EXERCISE OBJECTIVE:
Below is a listing. Quote from it, exactly, the lines from the one containing "Blusa Babaton blanca" down to the one containing "Scoop Neck Long Sleeve Top", both ends included, and nothing else.

EXERCISE DATA:

·····

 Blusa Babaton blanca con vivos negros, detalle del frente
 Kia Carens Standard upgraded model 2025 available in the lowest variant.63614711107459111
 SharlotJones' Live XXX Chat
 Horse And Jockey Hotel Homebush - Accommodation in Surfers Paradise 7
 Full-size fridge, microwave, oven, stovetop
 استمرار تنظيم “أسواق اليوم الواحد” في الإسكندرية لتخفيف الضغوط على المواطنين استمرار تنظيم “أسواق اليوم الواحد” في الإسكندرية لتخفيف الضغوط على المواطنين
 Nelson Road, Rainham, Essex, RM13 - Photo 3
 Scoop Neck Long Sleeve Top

·····

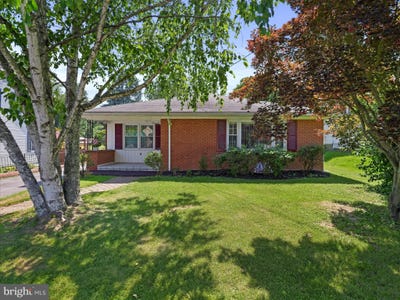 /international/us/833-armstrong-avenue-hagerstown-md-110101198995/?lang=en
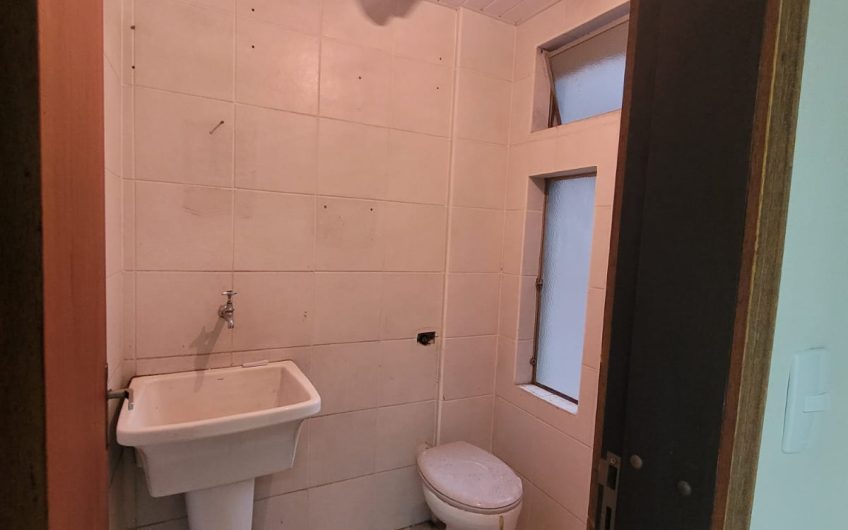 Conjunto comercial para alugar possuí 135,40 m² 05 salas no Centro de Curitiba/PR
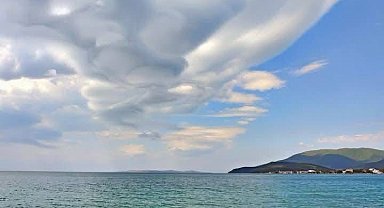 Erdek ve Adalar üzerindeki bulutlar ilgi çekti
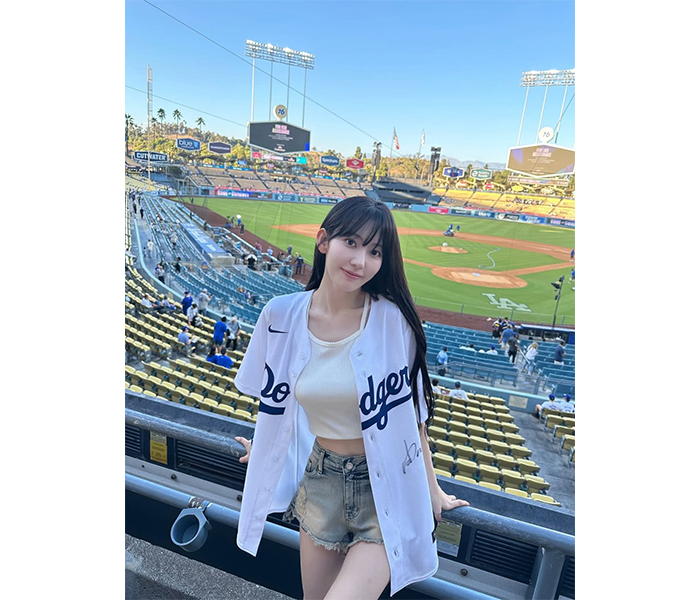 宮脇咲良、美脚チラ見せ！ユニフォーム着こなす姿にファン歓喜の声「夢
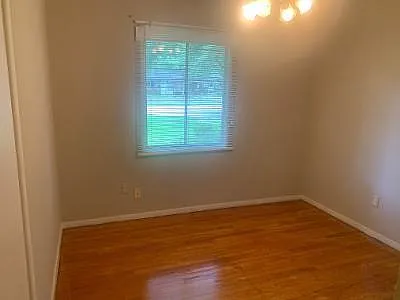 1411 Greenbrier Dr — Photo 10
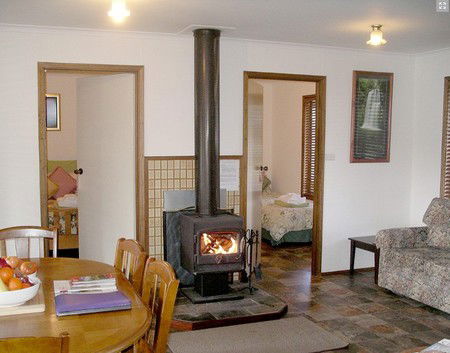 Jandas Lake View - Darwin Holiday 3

·····

ANSWER TO THE EXERCISE:
 Blusa Babaton blanca con vivos negros, detalle del frente
 Kia Carens Standard upgraded model 2025 available in the lowest variant.63614711107459111
 SharlotJones' Live XXX Chat
 Horse And Jockey Hotel Homebush - Accommodation in Surfers Paradise 7
 Full-size fridge, microwave, oven, stovetop
 استمرار تنظيم “أسواق اليوم الواحد” في الإسكندرية لتخفيف الضغوط على المواطنين استمرار تنظيم “أسواق اليوم الواحد” في الإسكندرية لتخفيف الضغوط على المواطنين
 Nelson Road, Rainham, Essex, RM13 - Photo 3
 Scoop Neck Long Sleeve Top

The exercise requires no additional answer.